L.Ratification of international human rights instruments
51. The Committee recommends that the State party consider ratifying the following core human rights instruments to which it is not yet a party:
(a) The International Covenant on Civil and Political Rights;
(b) The International Covenant on Economic, Social and Cultural Rights;
(c) The Convention against Torture and Other Cruel Inhuman or Degrading Treatment or Punishment;
(d) The International Convention for the Protection of All Persons from Enforced Disappearance;
(e) The International Convention on the Elimination of All Forms of Racial Discrimination;
(f) The International Convention on the Protection of the Rights of All Migrant Workers and Members of Their Families.
M.Cooperation with regional bodies
52. The Committee recommends that the State party cooperate, among others, with regional organizations such as the Pacific Community and the Pacific Islands Forum.
IV.Implementation and reporting
A.Follow-up and dissemination
53. The Committee recommends that the State party take all appropriate measures to ensure that the recommendations contained in the present concluding observations are fully implemented.
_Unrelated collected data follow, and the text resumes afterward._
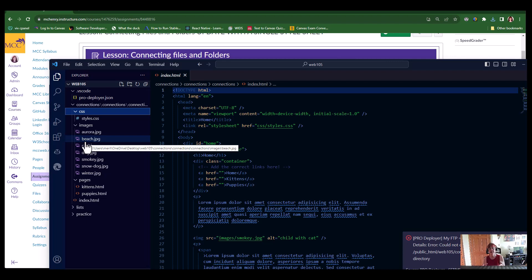This should help make it significantly easier because all we're worried about in this assignment is you writing the code that connects the pages. We're not concerned with you writing all the rest of the code. I want you to focus on learning about writing the code to connect the pages. And you'll start doing that in the next video.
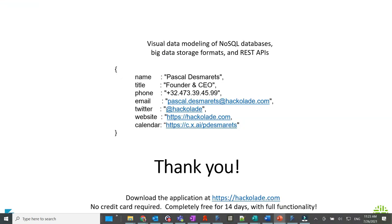You saw how easy it was to publish a Hackolade data model to a Calibra physical data dictionary. If you have any questions or suggestions, make sure to send us a note at support at hackolade.com. Thank you for your attention.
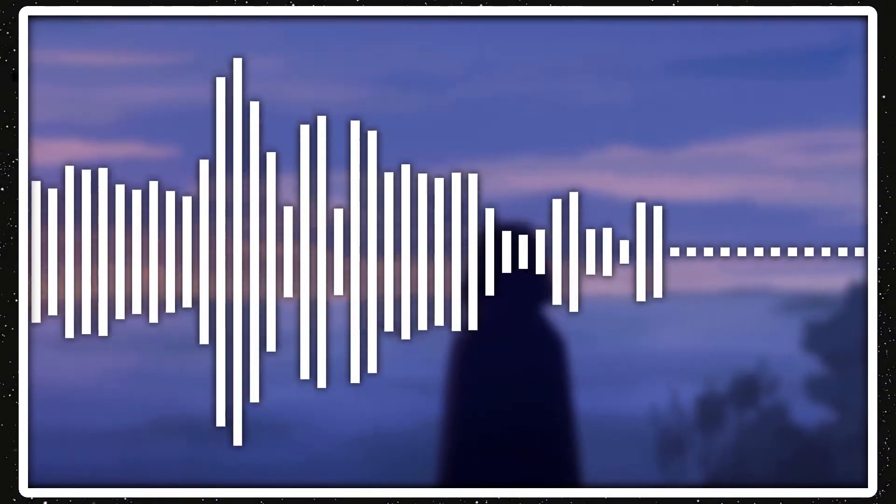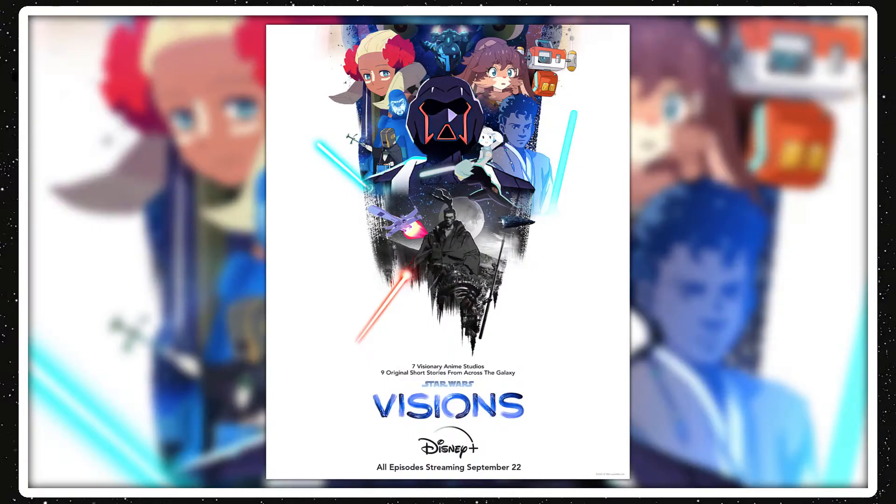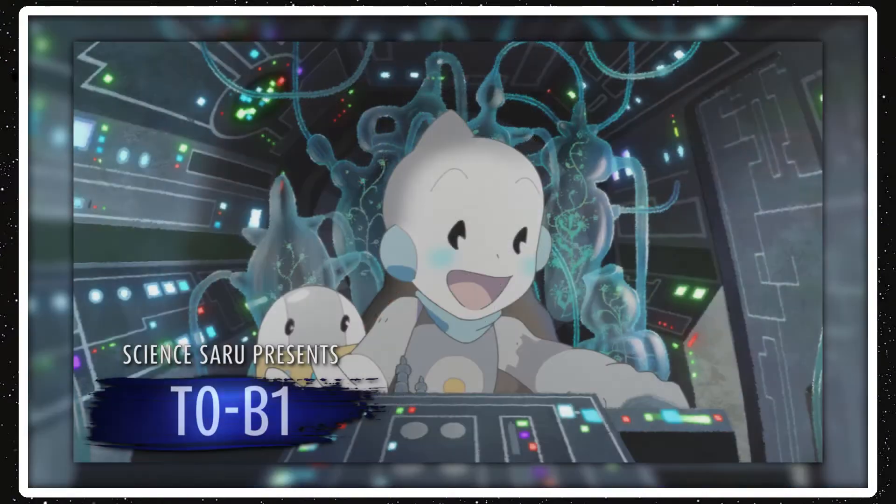Alrighty guys, welcome back to Star Wars Review. Today I'm reviewing Star Wars Visions Episode 6, T-O-B-1 or T-Zero-B-1, which was from Science Saru.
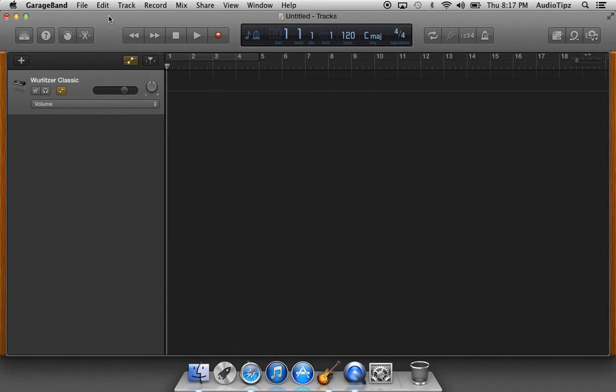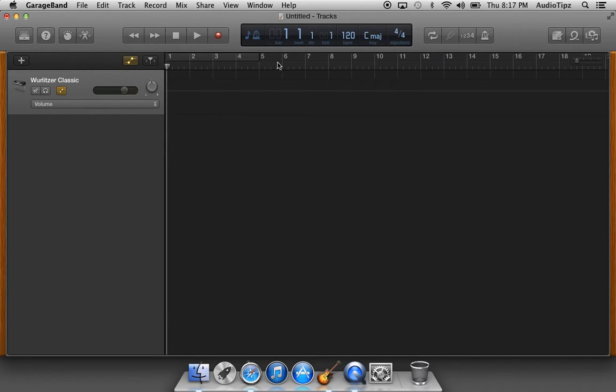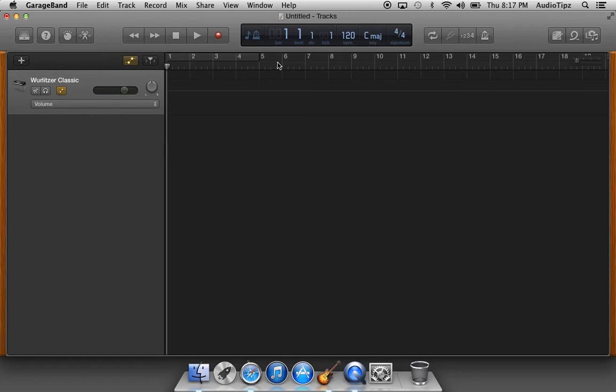This is very important when you're producing a track. Without a click track, you might have some things that'll go off timing unless you quantize them to the right beat. But the click track basically guides you along the right timing to the song.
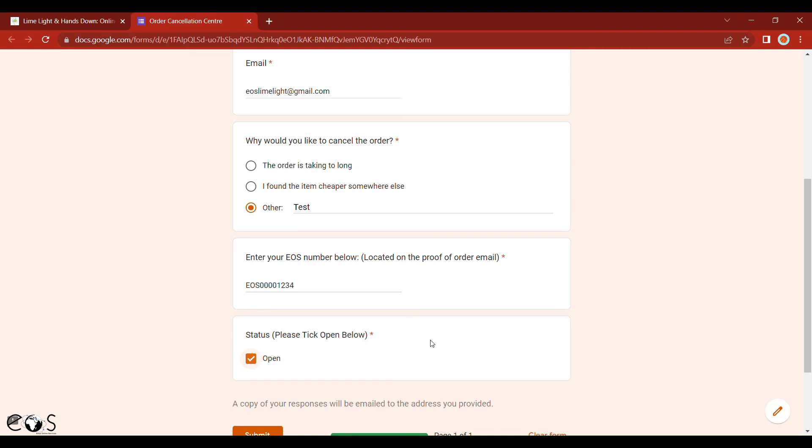If the order has left for the courier, before we cancel the order, we'll simply phone you just to confirm, to let you know that the order has already left, and that you may not want to cancel at that stage.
The Committee also recommends that the combined second to fifth periodic reports, the written replies to the list of issues and the present concluding observations be made widely available in the languages of the country.
B.National mechanism for reporting and follow-up
54. The Committee recommends that the State party establish a standing government structure to coordinate and prepare reports to and engage with international and regional human rights mechanisms, and to coordinate and track national follow-up to and implementation of treaty obligations and the recommendations and decisions emanating from the mechanisms. The Committee emphasizes that such a structure should be adequately and continuously supported by dedicated staff and should have the capacity to consult systematically with the Office of the Ombudsman and civil society.
55. The Committee invites the State party to submit its combined sixth and seventh periodic reports by 21 October 2025 and to include therein information on the follow-up to the present concluding observations. The report should be in compliance with the Committee ’ s harmonized treaty-specific reporting guidelines adopted on 31 January 2014 (CRC/C/58/Rev.3) and should not exceed 21,200 words (see General Assembly resolution 68/268, para. 16). In the event that a report exceeding the established word limit is submitted, the State party will be asked to shorten the report in accordance with the above-mentioned resolution. If the State party is not in a position to review and resubmit the report, translation thereof for the purposes of consideration by the treaty body cannot be guaranteed.
56. The Committee also invites the State party to submit an updated core document, not exceeding 42,400 words, in accordance with the requirements for the common core document contained in the harmonized guidelines on reporting under the international human rights treaties, including guidelines on a common core document and treaty-specific documents (see HRI/GEN/2/Rev.6, chap. I) and paragraph 16 of General Assembly resolution 68/268.